12. SAFE (ORIGINAL VERSION) (FEAT. BELLE HUMBLE)
Is this take so bad that the remix, which appeared earlier in the evening, is now wholly justified? Not really. In fact, I now believe that the song should never have been recorded in the first place. However, I sort-of liked this version a tiny bit more, mostly because I just heard it and I cannot be bothered to listen to the other take again. Ever.

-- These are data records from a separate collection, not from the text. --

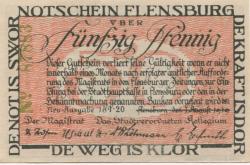 Flensburg - Stadt - 16.1.1920 - 50 Pfennig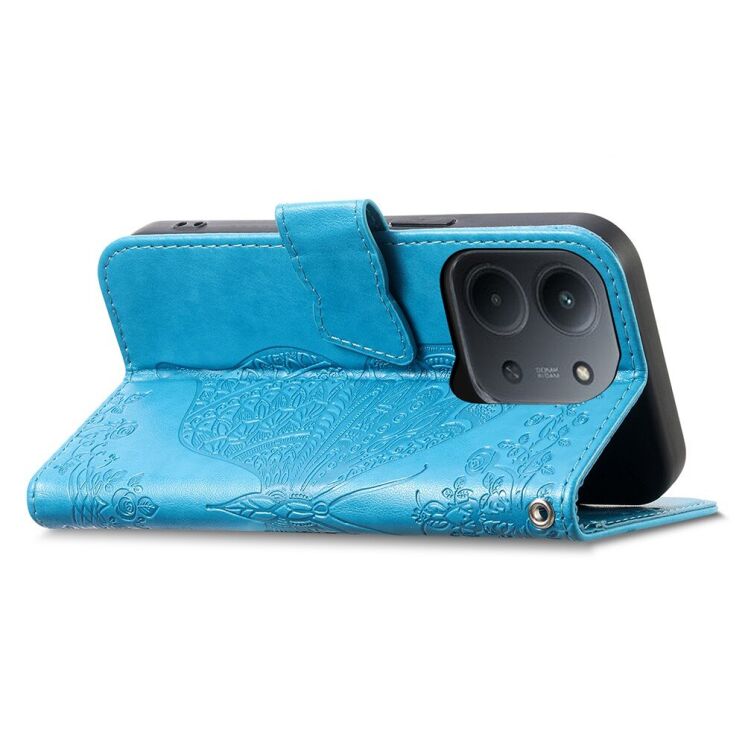 Чохол-книжка з малюнком UniCase Butterfly Pattern для Xiaomi Redmi 15C / Poco C85 - Blue: фото 3 з 9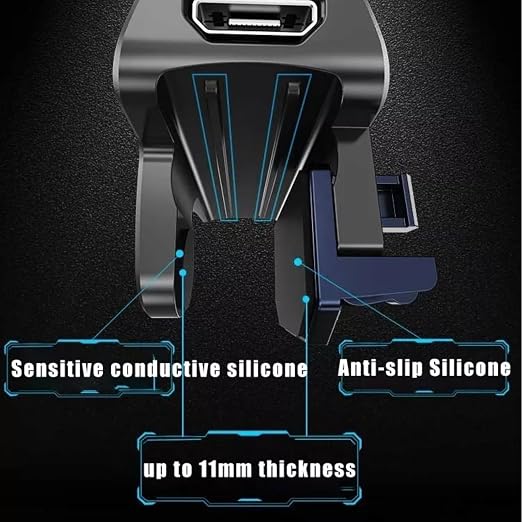 Yoidesu Mobile Game Controller with Cooling Fan, Mobile Game Joystick Gamepad, RGB Light, 3 Speed Wind, Long Battery Life, Foldable Portable Gaming Radiator for Phone - Image 7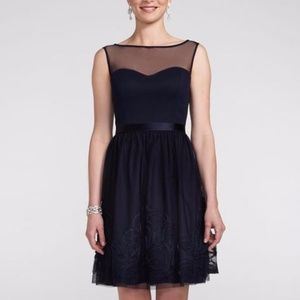 DB Studio Navy Bridesmaid Dress- size M (8/10)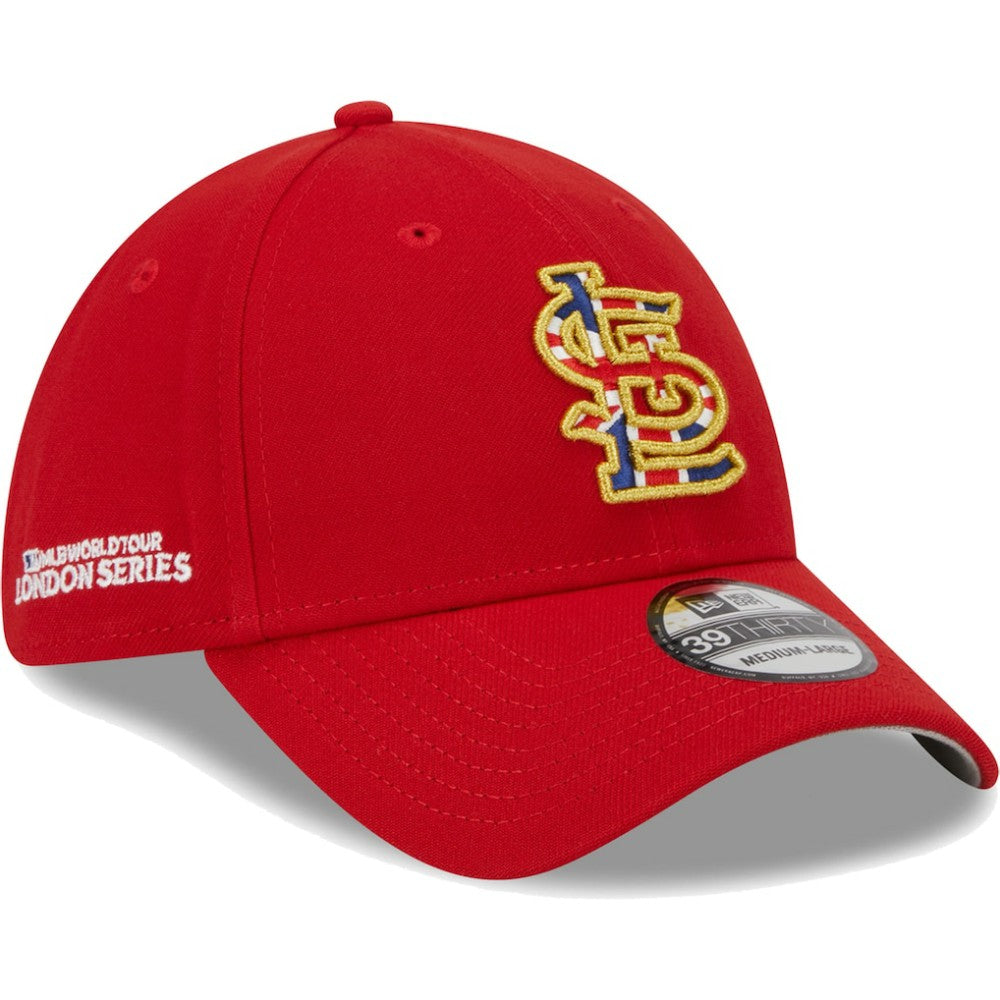 Red St. Louis Cardinals New Era 2023 MLB World Tour: London Series Flag Fill 39THIRTY Flex Hat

AND SO? I give kudos to any artist who can successfully get his or her message across in a different medium than the one they're best known for, and that definition stretches to include rappers who choose to appear, and shine, on non-rap songs. B-Real and Sen Dog end up much more successful at this dreadful fucking exercise than their counterpart DJ Muggs, although the primary reason for that might be because all they had to do was rap: hell, Rusko's the dude who had to craft all the blips and haws and whatever the fuck. Yes, a couple of the tracks on Cypress x Rusko EP sound like what could literally be heard as the duo punching a time clock, but they ride Rusko's beats well enough that I was at least convinced that they knew who he was before the project was released. Muggs, however, doesn't get to walk away as unscathed as he did when nobody gave a shit about Dust. At least he kept his trip-hop experiment to himself (and some no-name vocalists): Sound Clash Business, Sound Boy Killa, and Bass For Your Face all feature guest rappers you two have actually heard of that get knocked down several notches (save for Dizzee Rascal and Bambu, who manage to rise above the material) in his quest to dominate a different musical genre. The problem is that most of Muggerund's work behind the boards sounds average at best: none of this shit would ever burn up the clubs. I applaud the man for trying something new, but the fact that he thought this was a good idea baffles me: most of Bass For Your Face sounds like shit, and those EPs don't fare very well, either. In closing, there's really no need to check into any of these releases: I just did you guys a favor, because of the type of goddamn hero I am. But if this is your bag, baby, B-Real and Sen Dog squeak out ahead in this race, and Muggs should be embarrassed about his output here. All in favor, though, of pretending that Cypress Hill never went down this road, raise your hands. (I've heard rumor of Muggs telling reporters that the next Cypress album will sound more dark, like their third album III: Temples Of Boom, so it's clear to me that the trio would also love to forget this detour ever happened. I say we let them.)
There's more to Cypress Hill than just “Insane In The Brain”, you two.